● What is being asked
Start at the line below containing "4th image of 13694 Creekridge Ln" and stop at the line containing "Bioscoop Mimosa cinema". Repeat every line of that stretch exactly, and nothing outside it.

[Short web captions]
▼
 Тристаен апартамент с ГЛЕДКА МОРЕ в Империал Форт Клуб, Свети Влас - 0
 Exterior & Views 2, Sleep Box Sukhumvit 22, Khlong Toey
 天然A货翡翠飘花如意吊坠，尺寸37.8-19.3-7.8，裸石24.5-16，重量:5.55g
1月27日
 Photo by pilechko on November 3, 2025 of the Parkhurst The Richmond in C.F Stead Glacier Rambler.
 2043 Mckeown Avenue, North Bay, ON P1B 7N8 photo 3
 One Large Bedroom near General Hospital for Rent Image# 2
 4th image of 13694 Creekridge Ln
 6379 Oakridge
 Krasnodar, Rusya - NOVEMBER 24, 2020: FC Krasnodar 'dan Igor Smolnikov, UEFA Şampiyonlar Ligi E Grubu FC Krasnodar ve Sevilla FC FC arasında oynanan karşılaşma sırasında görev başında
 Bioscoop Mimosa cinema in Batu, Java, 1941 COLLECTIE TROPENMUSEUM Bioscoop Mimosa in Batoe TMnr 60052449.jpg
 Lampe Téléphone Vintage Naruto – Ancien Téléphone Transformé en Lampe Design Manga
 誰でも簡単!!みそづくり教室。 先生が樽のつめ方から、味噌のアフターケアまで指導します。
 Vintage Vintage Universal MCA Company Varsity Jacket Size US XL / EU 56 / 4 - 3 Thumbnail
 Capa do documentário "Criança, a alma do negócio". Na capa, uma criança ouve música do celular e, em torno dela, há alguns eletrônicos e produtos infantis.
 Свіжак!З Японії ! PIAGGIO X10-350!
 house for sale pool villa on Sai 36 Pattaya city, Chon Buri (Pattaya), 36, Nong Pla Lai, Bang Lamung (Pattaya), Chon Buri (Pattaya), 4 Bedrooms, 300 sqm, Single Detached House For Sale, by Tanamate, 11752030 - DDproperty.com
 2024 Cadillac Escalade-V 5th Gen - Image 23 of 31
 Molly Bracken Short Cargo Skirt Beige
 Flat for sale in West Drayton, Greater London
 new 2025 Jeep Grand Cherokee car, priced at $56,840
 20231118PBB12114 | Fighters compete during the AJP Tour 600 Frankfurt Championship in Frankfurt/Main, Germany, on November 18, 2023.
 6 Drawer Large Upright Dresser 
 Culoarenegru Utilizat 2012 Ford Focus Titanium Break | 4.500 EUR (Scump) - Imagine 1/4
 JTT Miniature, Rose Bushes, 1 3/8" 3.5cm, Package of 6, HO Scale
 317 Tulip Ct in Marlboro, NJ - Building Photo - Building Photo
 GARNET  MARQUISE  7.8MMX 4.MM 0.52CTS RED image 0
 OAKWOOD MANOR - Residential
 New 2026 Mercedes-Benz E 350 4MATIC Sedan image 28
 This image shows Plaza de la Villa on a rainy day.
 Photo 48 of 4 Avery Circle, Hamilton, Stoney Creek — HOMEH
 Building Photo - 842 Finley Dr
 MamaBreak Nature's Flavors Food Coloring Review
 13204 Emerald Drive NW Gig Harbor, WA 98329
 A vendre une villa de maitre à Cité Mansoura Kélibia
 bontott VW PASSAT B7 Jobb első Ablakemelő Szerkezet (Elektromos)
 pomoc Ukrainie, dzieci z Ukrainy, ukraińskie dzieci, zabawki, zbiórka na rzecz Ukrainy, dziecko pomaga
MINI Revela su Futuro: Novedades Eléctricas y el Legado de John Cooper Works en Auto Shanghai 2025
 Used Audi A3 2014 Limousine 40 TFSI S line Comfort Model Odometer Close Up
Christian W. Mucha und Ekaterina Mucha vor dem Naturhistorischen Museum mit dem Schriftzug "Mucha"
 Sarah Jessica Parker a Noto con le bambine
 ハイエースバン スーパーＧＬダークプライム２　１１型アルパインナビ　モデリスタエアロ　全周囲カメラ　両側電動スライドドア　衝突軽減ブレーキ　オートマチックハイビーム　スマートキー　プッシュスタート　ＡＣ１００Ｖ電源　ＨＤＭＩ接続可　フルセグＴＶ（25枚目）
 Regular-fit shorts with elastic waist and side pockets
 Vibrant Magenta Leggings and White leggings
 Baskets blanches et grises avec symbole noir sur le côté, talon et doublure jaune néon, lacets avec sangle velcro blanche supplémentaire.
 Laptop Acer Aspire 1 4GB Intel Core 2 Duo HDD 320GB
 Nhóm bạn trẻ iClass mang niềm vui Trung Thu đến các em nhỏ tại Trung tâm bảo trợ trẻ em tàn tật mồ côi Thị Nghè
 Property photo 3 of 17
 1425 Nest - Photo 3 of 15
▲
● Answer for this exercise
 4th image of 13694 Creekridge Ln
 6379 Oakridge
 Krasnodar, Rusya - NOVEMBER 24, 2020: FC Krasnodar 'dan Igor Smolnikov, UEFA Şampiyonlar Ligi E Grubu FC Krasnodar ve Sevilla FC FC arasında oynanan karşılaşma sırasında görev başında
 Bioscoop Mimosa cinema in Batu, Java, 1941 COLLECTIE TROPENMUSEUM Bioscoop Mimosa in Batoe TMnr 60052449.jpg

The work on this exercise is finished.